Nell'Eneide sono presenti tutti i temi che stanno a fondamento del regime: il recupero del mos maiorum, il valore
della pietas connesso al recupero della religio, la vita intesa come dovere e missione al servizio della collettività, il
rifiuto della guerra come strumento per risolvere i conflitti.
Nasce così un poema epico atipico, LONTANO DAI CANONI TRADIZIONALI del genere, in sintonia con l'ideologia del
regime.
Il poema è formato da 12 libri, presenta una struttura molto articolata, nei primi 6 richiama l'Odissea ed il suo tema
del viaggio, nei secondi 6 libri si rifà all'Iliade.
Il protagonista è l'eroe troiano ENEA che giunge nel Lazio e dà l'input alla nascita di Roma e del popolo romano.
C'era il rischio che nascesse un poema dal carattere troppo "cortigiano" (Ottaviano celebrato come eroe-
protagonista), però attraverso la scelta di Enea come protagonista, Virgilio riuscì a consegnare ai posteri un'opera
simbolo di tutta la romanità, radicata nel contesto storico-culturale, ma capace di parlare al cuore e alla mente
dell'uomo di ogni tempo.
L’Eneide è stata considerata sempre un’OPERA CANONICA. Il poema ci è giunto incompleto ed inoltre, è nato in un
clima politico diverso rispetto a quelli in cui erano nate le Bucoliche e le Georgiche. Infatti nei primi anni della
composizione dell’opera Ottaviano diventa Augusto e instaura un potere assoluto.
L’opera sarebbe stata un poema epico-storico, che avrebbe celebrato il popolo romano, la gens Iulia e Ottaviano
Augusto. Il poeta aveva inizialmente pensato di scrivere un Augusteide in modo che diventasse l’opera più
significativa del regime e del poeta augusteo.
Tuttavia Virgilio mutò indirizzo e ideò un poema epico-mitico che dava largo spazio e un ruolo centrale alla figura di
Enea, ponendo in secondo piano gli eventi storici di Roma e la stessa figura del Principe.
Costruendo il suo poema in questo modo egli avrebbe ottenuto due risultati: da un lato, sfuggiva al rischio di fare un
opera “CORTIGIANA”, legata a doppio filo con la politica, e dall’altro evitava di affrontare il tema delle GUERRE
CIVILI. Virgilio aveva così la possibilità di proiettare in una dimensione mitica le vicende a lui contemporanee.
A questo punto sorge spontanea la domanda: perché Enea e non Romolo? Il vero pater patriae era stato Romolo e
non colui che arrivava da Troia.
Virgilio voleva collegare la figura dell’eroe delle origini di Roma, a quella dell’eroe di quel tempo, cioè Augusto.

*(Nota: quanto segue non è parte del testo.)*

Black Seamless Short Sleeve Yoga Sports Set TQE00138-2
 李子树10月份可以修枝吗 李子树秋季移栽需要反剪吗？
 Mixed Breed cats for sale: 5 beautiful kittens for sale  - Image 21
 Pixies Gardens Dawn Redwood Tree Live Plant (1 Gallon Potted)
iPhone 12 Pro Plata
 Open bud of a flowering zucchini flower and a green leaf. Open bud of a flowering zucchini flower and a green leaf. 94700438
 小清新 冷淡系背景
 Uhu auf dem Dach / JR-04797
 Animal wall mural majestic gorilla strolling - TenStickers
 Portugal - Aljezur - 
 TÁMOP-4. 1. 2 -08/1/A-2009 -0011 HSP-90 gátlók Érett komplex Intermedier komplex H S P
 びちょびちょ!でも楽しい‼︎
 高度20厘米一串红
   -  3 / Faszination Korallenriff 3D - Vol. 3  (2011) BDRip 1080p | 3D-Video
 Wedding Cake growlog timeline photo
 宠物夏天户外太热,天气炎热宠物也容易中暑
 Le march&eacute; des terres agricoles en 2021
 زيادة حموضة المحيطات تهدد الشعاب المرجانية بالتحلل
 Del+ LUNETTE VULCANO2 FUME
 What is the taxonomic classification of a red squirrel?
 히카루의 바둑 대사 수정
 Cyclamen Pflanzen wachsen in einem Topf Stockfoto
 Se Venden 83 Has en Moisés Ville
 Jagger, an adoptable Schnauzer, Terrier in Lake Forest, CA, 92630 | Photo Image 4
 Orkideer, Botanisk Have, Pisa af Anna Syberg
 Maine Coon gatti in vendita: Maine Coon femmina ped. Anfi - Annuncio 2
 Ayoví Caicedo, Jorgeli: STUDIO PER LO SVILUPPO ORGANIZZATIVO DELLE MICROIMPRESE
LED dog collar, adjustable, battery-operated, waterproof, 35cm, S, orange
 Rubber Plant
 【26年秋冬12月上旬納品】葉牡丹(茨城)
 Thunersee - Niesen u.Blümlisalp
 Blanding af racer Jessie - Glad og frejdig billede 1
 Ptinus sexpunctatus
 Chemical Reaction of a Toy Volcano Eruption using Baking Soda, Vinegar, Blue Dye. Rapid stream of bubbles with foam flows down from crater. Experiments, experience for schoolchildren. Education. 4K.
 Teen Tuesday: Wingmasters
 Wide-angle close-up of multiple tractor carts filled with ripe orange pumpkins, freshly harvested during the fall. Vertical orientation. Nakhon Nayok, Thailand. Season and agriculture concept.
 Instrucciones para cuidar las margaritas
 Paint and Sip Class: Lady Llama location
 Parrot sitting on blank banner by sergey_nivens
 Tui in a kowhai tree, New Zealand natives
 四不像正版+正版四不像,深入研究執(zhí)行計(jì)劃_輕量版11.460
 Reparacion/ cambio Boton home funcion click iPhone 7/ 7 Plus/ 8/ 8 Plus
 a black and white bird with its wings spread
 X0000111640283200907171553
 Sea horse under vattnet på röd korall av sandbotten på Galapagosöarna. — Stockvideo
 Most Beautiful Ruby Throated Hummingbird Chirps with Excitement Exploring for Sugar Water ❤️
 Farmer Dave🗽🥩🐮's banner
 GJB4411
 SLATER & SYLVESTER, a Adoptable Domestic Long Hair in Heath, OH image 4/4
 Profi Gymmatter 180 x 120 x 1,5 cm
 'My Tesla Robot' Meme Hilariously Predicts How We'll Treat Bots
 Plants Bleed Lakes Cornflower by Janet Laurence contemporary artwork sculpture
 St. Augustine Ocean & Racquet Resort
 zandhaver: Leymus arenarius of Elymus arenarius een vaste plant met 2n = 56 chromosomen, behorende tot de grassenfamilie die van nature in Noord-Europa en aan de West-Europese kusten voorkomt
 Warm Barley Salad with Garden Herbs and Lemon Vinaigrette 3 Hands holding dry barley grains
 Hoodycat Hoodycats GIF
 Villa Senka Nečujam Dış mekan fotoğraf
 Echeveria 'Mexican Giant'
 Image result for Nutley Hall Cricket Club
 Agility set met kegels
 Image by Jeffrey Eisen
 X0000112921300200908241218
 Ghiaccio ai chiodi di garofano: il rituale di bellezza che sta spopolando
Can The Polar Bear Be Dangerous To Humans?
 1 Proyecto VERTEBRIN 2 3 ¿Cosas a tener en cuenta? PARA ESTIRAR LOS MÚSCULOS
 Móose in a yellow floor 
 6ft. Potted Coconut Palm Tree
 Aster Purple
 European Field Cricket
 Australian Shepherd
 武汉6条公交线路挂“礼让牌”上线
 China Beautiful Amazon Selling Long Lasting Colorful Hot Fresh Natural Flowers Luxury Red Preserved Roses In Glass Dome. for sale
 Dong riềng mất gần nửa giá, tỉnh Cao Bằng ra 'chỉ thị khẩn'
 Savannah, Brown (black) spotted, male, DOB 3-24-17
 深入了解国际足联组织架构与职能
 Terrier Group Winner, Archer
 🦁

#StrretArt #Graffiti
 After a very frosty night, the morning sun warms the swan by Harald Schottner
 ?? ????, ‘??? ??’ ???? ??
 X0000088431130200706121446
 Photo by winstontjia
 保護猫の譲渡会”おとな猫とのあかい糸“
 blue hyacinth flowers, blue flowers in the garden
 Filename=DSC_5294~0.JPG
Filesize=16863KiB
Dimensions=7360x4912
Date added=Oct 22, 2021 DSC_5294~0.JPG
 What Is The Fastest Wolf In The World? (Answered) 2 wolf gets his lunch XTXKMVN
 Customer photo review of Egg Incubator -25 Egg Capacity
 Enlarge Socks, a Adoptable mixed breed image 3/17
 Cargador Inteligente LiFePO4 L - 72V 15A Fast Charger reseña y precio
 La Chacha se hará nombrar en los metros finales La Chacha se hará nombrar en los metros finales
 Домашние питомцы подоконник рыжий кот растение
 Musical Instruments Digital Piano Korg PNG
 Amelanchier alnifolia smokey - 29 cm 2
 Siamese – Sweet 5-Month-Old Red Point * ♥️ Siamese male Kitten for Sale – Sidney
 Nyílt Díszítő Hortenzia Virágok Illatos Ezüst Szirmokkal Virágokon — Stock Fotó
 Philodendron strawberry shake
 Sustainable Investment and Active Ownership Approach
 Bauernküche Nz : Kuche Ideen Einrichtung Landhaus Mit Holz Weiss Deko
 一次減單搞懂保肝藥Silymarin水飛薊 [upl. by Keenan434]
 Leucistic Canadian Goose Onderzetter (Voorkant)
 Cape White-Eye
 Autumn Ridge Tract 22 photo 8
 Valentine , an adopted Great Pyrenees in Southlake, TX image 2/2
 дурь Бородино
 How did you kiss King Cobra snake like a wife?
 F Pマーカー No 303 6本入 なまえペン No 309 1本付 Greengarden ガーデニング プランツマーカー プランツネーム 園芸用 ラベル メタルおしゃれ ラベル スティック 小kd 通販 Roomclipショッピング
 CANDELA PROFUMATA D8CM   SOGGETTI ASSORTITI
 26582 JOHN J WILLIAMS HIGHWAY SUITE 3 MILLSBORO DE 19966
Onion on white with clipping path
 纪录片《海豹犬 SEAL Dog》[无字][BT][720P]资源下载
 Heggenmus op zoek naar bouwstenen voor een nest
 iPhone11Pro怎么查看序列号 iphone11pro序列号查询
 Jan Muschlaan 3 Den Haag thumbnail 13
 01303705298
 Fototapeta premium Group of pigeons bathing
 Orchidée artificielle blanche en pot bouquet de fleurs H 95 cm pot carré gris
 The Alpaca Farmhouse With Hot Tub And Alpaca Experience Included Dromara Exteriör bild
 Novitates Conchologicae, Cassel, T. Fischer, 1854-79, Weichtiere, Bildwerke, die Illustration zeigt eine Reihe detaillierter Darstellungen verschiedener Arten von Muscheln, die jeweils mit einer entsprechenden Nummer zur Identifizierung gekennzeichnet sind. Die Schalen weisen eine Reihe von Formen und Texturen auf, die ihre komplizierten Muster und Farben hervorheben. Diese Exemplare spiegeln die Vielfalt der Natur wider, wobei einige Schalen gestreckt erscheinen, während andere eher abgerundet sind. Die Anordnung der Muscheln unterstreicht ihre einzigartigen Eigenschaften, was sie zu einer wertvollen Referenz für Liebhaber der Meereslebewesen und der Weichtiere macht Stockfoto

Romolo non sarebbe stato adatto per questo ruolo perché egli aveva commesso un fratricidio. Quindi l’autore decide
di scegliere come eroe Enea, un uomo dotato di pietas e pronto anche al sacrificio di sé pur di eseguire la missione
affidatagli dagli dei.
Inoltre il ricordo del fratricidio di Romolo poteva richiamare alla memoria dei Romani le lotte civili tra Ottaviano e
Antonio.
Rievocando la fondazione di Roma, Ovidio arriva a modificare alcuni aspetti del mito e addirittura ad inventare un
nuovo personaggio, con la chiara intenzione di scagionare Romolo dal delitto di FRATRICIDIO, secondo la tradizione,
a lui attribuito. Il poeta racconta che, tracciato il solco che delimitava la nuova città, Romolo ne affida la custodia a
Celere; sarà lui, sotto ordine di Romolo, ad uccidere Remo quando questo aveva varcato il limite. In questo modo, il
ruolo di Romolo, è quello del Vir Romanus, forte ed intransigente, giustifica pienamente l’azione di Celere;
quest’ultimo, invece, piange in privato il fratello ucciso. Nei versi compare la parola PIETAS, celebre nel poema
virgiliano. Quindi Ovidio (non del tutto integrato nel sistema culturale augusteo) avverte l’esigenza di reintegrare la
figura del fondatore, mentre Virgilio (ben integrato nel circolo di Mecenate), messo in disparte Romolo, ha scelto
Enea come riferimento etico per il Principe.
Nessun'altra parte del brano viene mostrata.